Venue and bar owners say a lock-out policy for central Auckland bars will not work, despite assault rates in Sydney dropping after a similar policy was introduced there.
The police have again pressed for earlier closing times, after four large fights broke out in downtown Auckland early on Sunday morning.
New South Wales government brought in so-called lock-out laws two years ago, after a series of violent assaults - including two deaths - in Sydney's CBD and nightlife hub King's Cross.
In those areas, bars cannot let in any new patrons after 1.30am, and must close completely at 3am.
The law had its detractors, but the state's Bureau of Crime Statistics and Research said the numbers, at least, seemed to show it was having the desired effect.
Bureau director Don Weatherburn said staff compared the 15 months before the lock-out law with a similar period afterwards.
"We found substantial reductions in assault in the Sydney CBD - that was down by about 20 percent - and in the Kings Cross precinct, which came down by about 40 percent."
There was no corresponding increase in assault levels in neighbouring areas where the lock-out laws did not apply, Dr Weatherburn said.
There was already a downward trend in assaults before the law came into effect.
Dr Weatherburn said the law seemed to have accelerated that effect substantially, but it could have been for other reasons.
"A good many people regard the drop in assault as a consequence of the fact that no one comes to Kings Cross anymore, and there is significant evidence to back up that supposition."
Popular Ponsonby bar The Golden Dawn's general manager Nick Harrison said the Sydney law had "killed" King's Cross, and he worried a similar by-law would have the same effect in Auckland.
"It hurts businesses. People have to close down, and it will kind of destroy the culture of the CBD."

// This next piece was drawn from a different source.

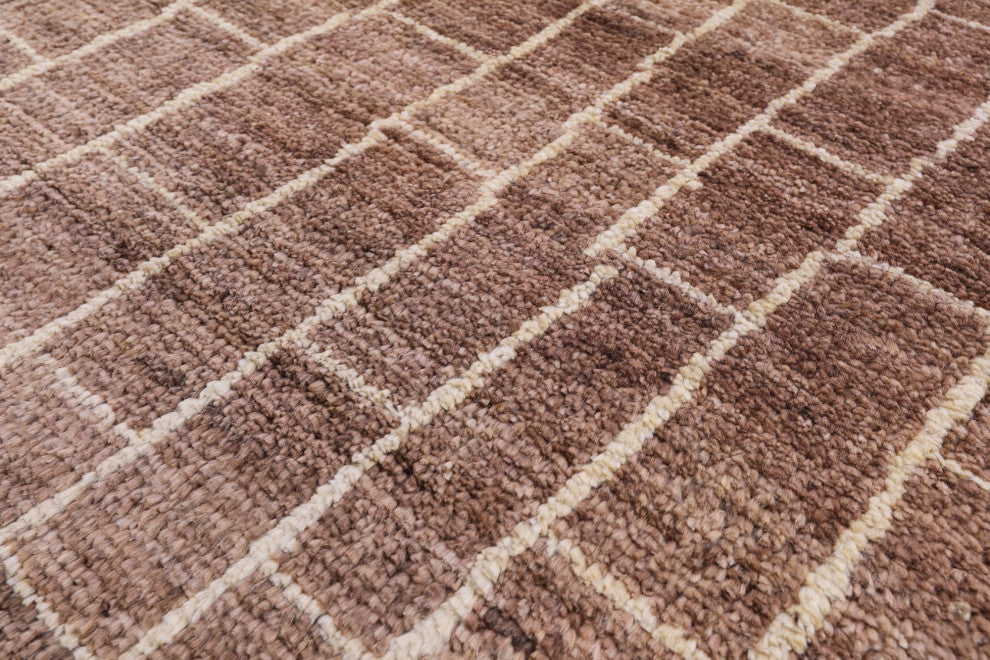 Moroccan Hand-Knotted Wool Rug 4' 10" X 6' 9" Q8837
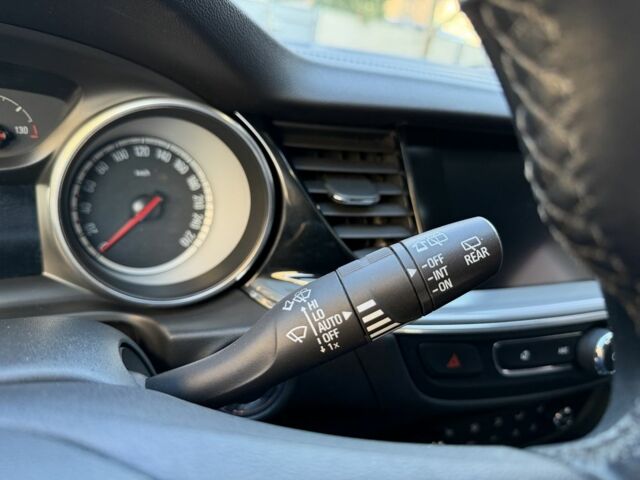 Серый Опель Инсигния, объемом двигателя 1.6 л и пробегом 255 тыс. км за 12950 $, фото 18 на Automoto.ua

He was especially worried about the effect it could have on Auckland's live music scene.
The Golden Dawn already operated its own one-way door system from about 1am, but a blanket policy could make the city less safe, Mr Harrison said.
"By restricting access, we're generally going to leave more people out on the streets - and if there's more people out on the streets late at night, there's probably going to be an increase of incidents."
The fundamental problem was still New Zealand's drinking culture and more funding was needed for alcohol education, Mr Harrison said.
Proprieter of Karangahape Road venue Wine Cellar, Rohan Evans, agreed a lock-out policy or earlier closing times would simply result in people congregating in the streets.
The police seemed to be intractable, however.
"We have the alcohol accord and bars and clubs and security firms have open dialogues, and we have open dialogues with the council - but the police drive towards these one-way door things is unchanging and unresponsive."
The police had a pending appeal against Auckland Council's draft local alcohol policy, but Auckland mayor Len Brown told RNZ News yesterday he thought the current 4am closing time was right.
Sydney's lock-out laws were driven by the New South Wales state government.
New Zealand Police Minister Judith Collins seemed to have no interest in getting involved - her office said it was an operational matter and declined to comment.